Radarwarga.id – Portal Berita Warga dan Informasi Terpopuler – 16 Juli 2026 | Baru-baru ini, sebuah kasus hukum yang tidak terduga telah terjadi di China. Tiga teman diperintahkan oleh pengadilan untuk membayar ganti rugi sebesar 100.000 yuan (sekitar Rp 12 lakh) kepada keluarga seorang teman yang meninggal setelah menghabiskan malam dengan minum dan bermain mahjong.
Insiden ini terjadi di Urumqi pada Oktober 2025. Korban, yang bernama Gao, menghabiskan malam bersama teman-temannya di sebuah ruang mahjong, di mana mereka minum alkohol dan bermain mahjong hingga pagi hari. Setelah itu, mereka pergi ke sebuah hall biliar untuk bermain, tetapi Gao sudah sangat mabuk.

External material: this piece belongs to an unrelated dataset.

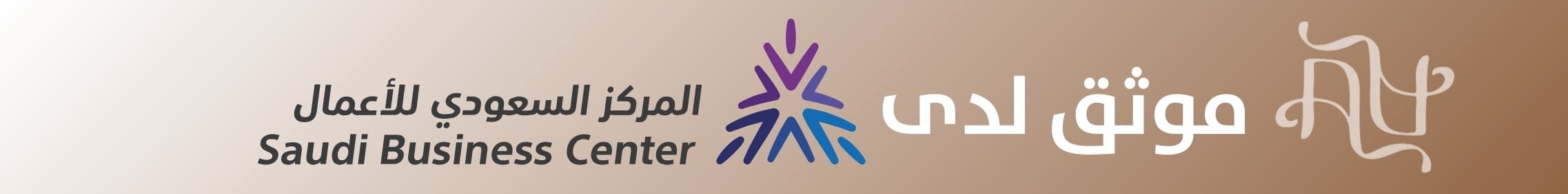 fixed banner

Ketika mereka meninggalkan hall biliar, Gao tidak menyadari bahwa taksi yang mereka tumpangi telah melewati rumahnya. Ia kemudian berjalan kembali ke rumahnya, tetapi sayangnya, ia meninggal tak lama setelah itu.

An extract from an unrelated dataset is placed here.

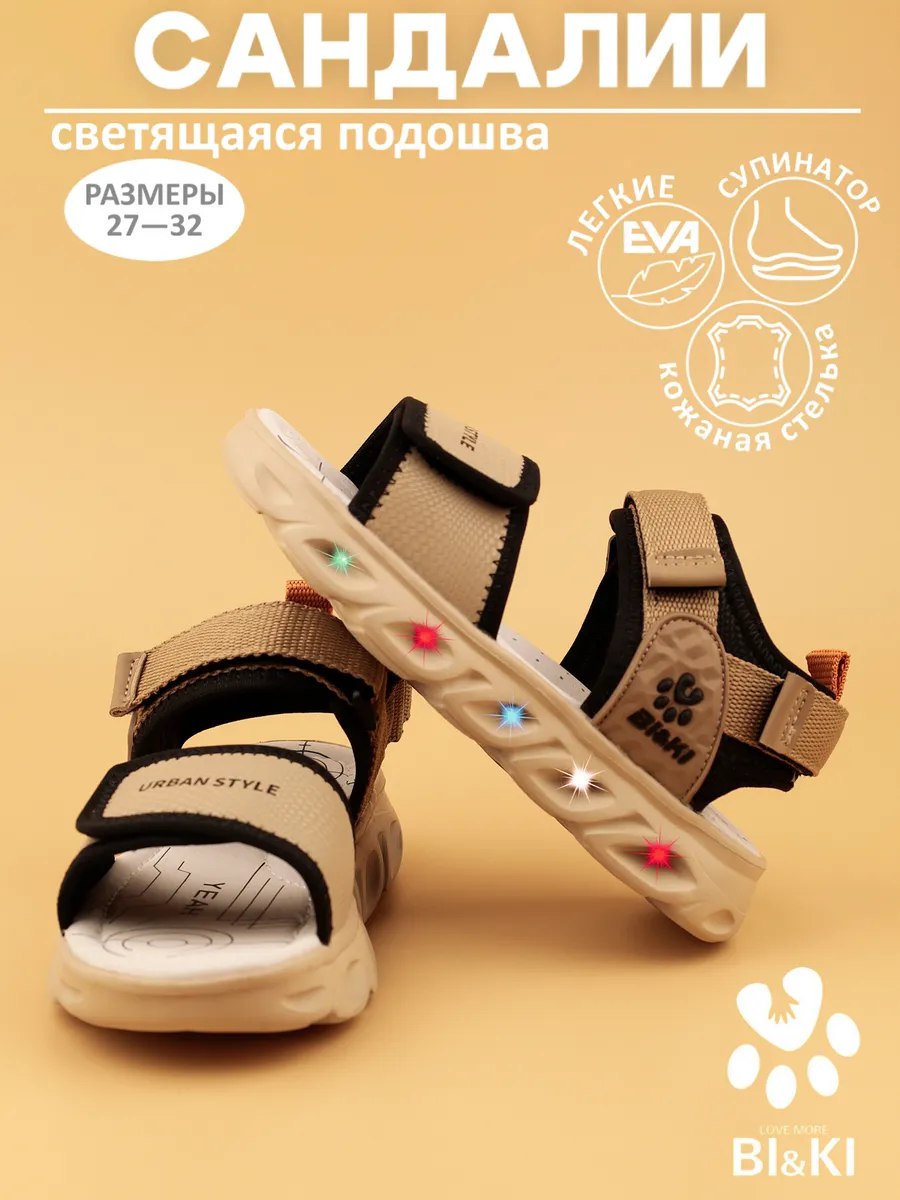 custom-image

Pengadilan memutuskan bahwa tiga teman Gao tersebut bersalah karena tidak memberikan bantuan yang cukup kepada korban yang sudah sangat mabuk. Kasus ini telah memicu debat online tentang tanggung jawab dalam kasus-kasus seperti ini.
Sementara itu, di New Jersey, ada peringatan tentang penggunaan ponsel saat mengemudi. Menurut hukum setempat, menggunakan ponsel untuk berkomunikasi saat mengemudi dilarang, kecuali dalam keadaan darurat.

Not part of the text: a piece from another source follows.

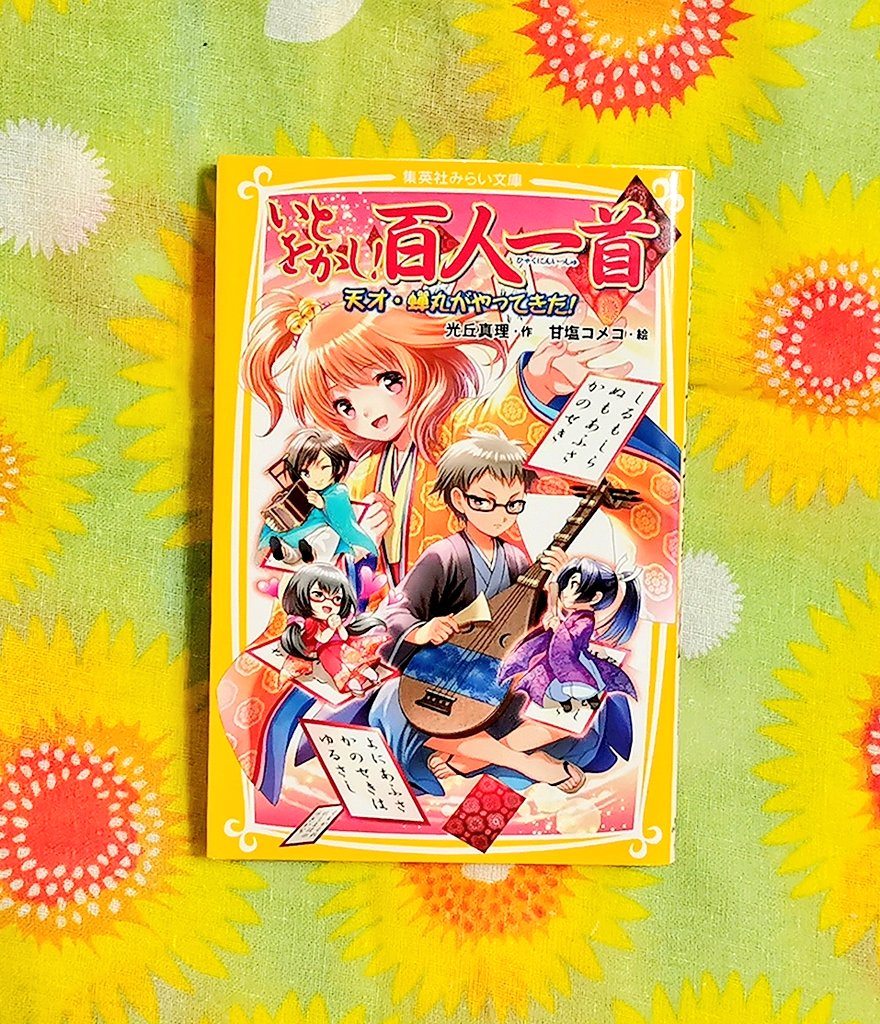 Tweets With Replies By なにがし ハーブティ勉強中 Eshira2101 Twitter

Pelanggaran ini dapat dikenakan denda yang cukup besar, yaitu minimal $200 untuk pelanggaran pertama, $400 untuk pelanggaran kedua, dan $600 untuk pelanggaran ketiga, serta kemungkinan penangguhan lisensi.
Di lain pihak, 7-Eleven telah merayakan hari jadi Slurpee yang ke-60 dengan memperkenalkan rasa baru, Confetti Chill Slurpee, yang terinspirasi dari kue ulang tahun.
Perayaan ini juga termasuk acara Slurpee Date, di mana orang dapat berfoto dengan latar belakang yang menarik dan menerima sedotan Slurpee yang telah dihias.
Kesimpulan dari kasus-kasus ini adalah bahwa kita harus lebih berhati-hati dan bertanggung jawab dalam tindakan kita, baik itu dalam bermain mahjong, mengemudi, atau merayakan hari jadi.